COLUMN: When ‘state-of-the-art’ becomes antique
Updated: November 03, 2009 9:17 AM
When the provincial government introduced legislation last week that will ban the use of handheld cell phones my anguished response was Nooooooooo!
Not because I don’t support the legislation, but because it means I’ll have to get a new phone.
I’ve had mine for 10 years . . . it was “state-of-the-art” when I got it: Internet capable (never used), able to receive text messages (but not able to send them) and, a novelty then, it was silver when everyone else’s was black.
My phone is capable of being dropped from great heights (a not uncommon occurrence), holds a battery charge forever, and so far has never failed me. I love it!
However, when I learned some time ago that its legal days may be coming to an end, I considered upgrading. Then the teenager from next door got in my truck recently, noticed the phone on the dash and asked in horror, “OMG, is that your cell phone? It’s so big I thought it was your house phone!”
After much raucous laughter, as much from embarrassment from still using an antique as from her remark, I explained it worked, never let me down and I had pockets big enough to carry it.
Despite her amazement at its size, it is minute compared to the first cellular device I used, which was somewhat larger than a briefcase, with a long coiled cord attached to a regular phone handset. Then I moved up to the Motorola 8000, which was as big as a brick and weighed as much.

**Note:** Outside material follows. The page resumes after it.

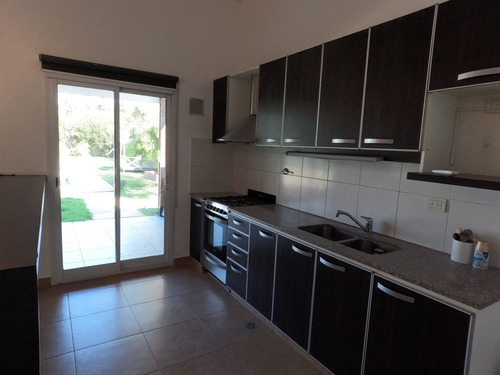 Venta 3 Dorm - Pileta - Lote Interno - Santa Teresa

Mid-’90s provided smaller units, but in comparison to today’s units, were still monsters. Mine almost falls into that category.
I’ve keep asking myself … do I really need a Blackberry. Do I really want mobile access to the Internet, and to constantly receive e-mails?
None of the above, but I do find it invaluable in many cases, so reluctantly a new one will soon be on the way.
Part of the incentive was when this summer I drove up Vancouver Island with a friend in his new truck. His phone is hooked into the truck’s rearview mirror, and when a call comes in or he wants to send one, he just talks to the mirror.
Now, a new truck won’t fit into my pocket, but it would sure look nice in the garage, and hands-free phoning is a wonderful argument for a complete upscale – new phone, new truck and danger-free communications.
Not only that, it might be fun chatting with the sultry entity that recognizes my voice, responds to my requests and automatically dials numbers. Certainly takes the danger out of calling, but also means I’d have to spend an eternity reading the user manual and programming in all my frequently called numbers.
That, and budget considerations may mean I’ll just end up with a new phone and one of those dweebly things that stick in your ear to allow voice recognition calling and answering.
If nothing else, I won’t need to pull off the road each time I make or receive a call, and my image will increase dramatically in the eyes of the teen next door.
Mark Rushton is a reporter with The Abbotsford News.